We have a two node NFS cluster backed by a GFS2 filesystem. We've
noticed that RHEL NFS clients who request locks always hang, unless they
access the "passive" node of the cluster directly.
The problem appears to stem from the fact that when the NLM on the
primary node transmits its "GRANT" response to the client, it does so
via an asyncrhonous callback -- meaning that a new connection is
established to the client. It appears that this connection is initiated
via the machine's primary IP, and not the "cluster" IP over which the
client first asked for the lock.
The client, rightly, rejects this response and continues blocking
As an aside, it seems that Solaris 10 NFS clients are not as "secure"
and happily accept a GRANT from any IP under the sun (no pun intended).
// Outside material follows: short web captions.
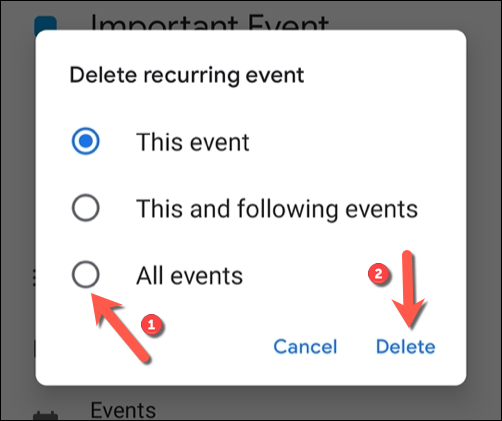 Seleccione si desea eliminar un evento singular o una serie o eventos recurrentes de las opciones enumeradas, luego toque "Eliminar" para confirmar.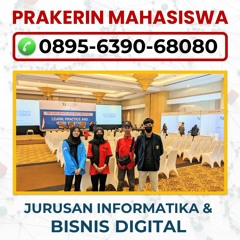 Hub 0895 6390 68080, Pusat Prakerin Jurusan Sistem Informatika di Malang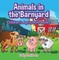 Animals in the Barnyard - Children's Agriculture Books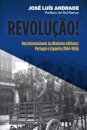 Revolução: Das Internacionais às ditaduras militares: Portugal e Espanha (1864-1926)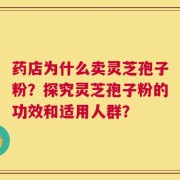 药店为什么卖灵芝孢子粉？探究灵芝孢子粉的功效和适用人群？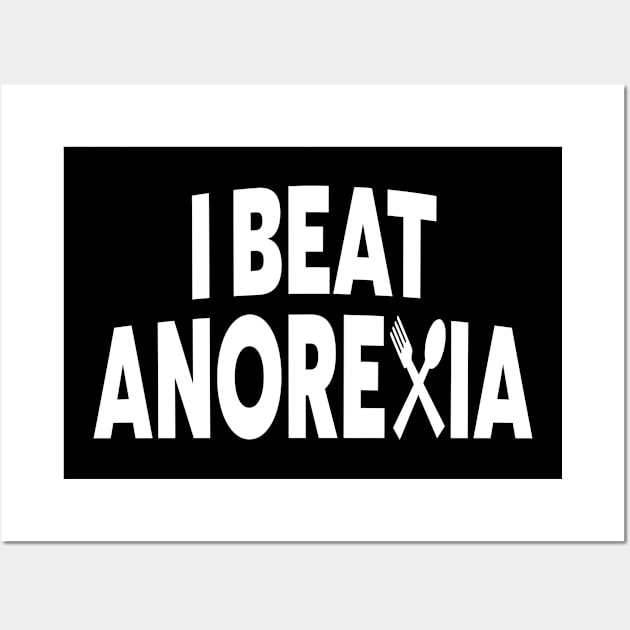 I Beat Anorexia Awareness Wall Art by l designs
This post to linux-nfs seems to indicate there is a kernel patch to
address this. I have been unable to find the kernel commit, but am
curious if this has been backported to RHEL5's kernel or not.
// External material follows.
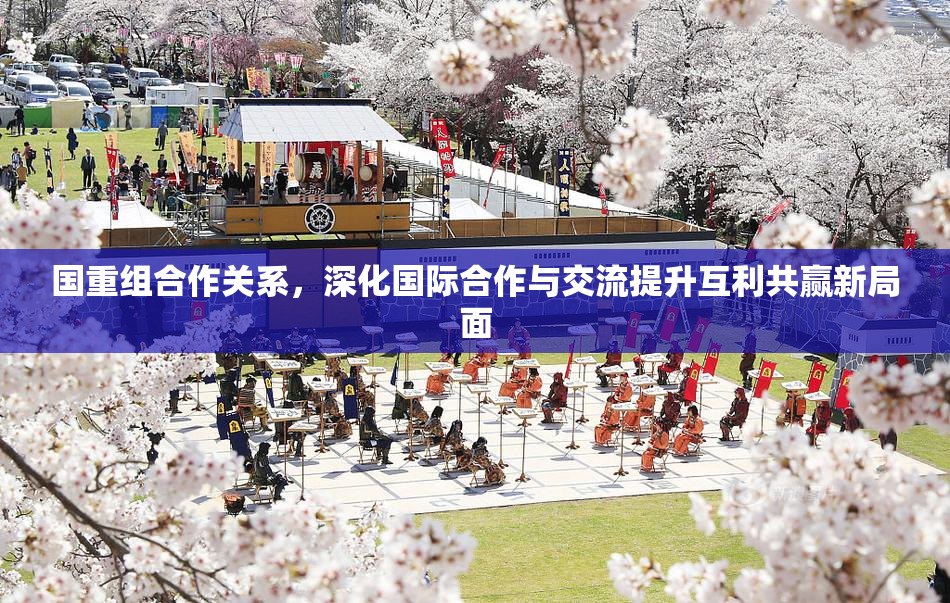 国重组合作关系，深化国际合作与交流提升互利共赢新局面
This is a show-stopper for us and I will be filing an SR as well. It
sounds like this is a known (and already resolved) issue, but I can
attach a packet dump if needed and steps to reproduce the problem.
I should note the following:
Servers are running RHEL 5.4 kernel 2.6.18-164.6.1.el5 with
Clients are RHEL 5.4 as well -- fully patched and latest kernels.
I know our server kernel isn't the latest, we just haven't rebooted in a
Opened SR #1988432 for this issue.
I believe this is a duplicate of bug 500653. Closing as such. Please reopen if I've misunderstood the problem you're having.
*** This bug has been marked as a duplicate of bug 500653 ***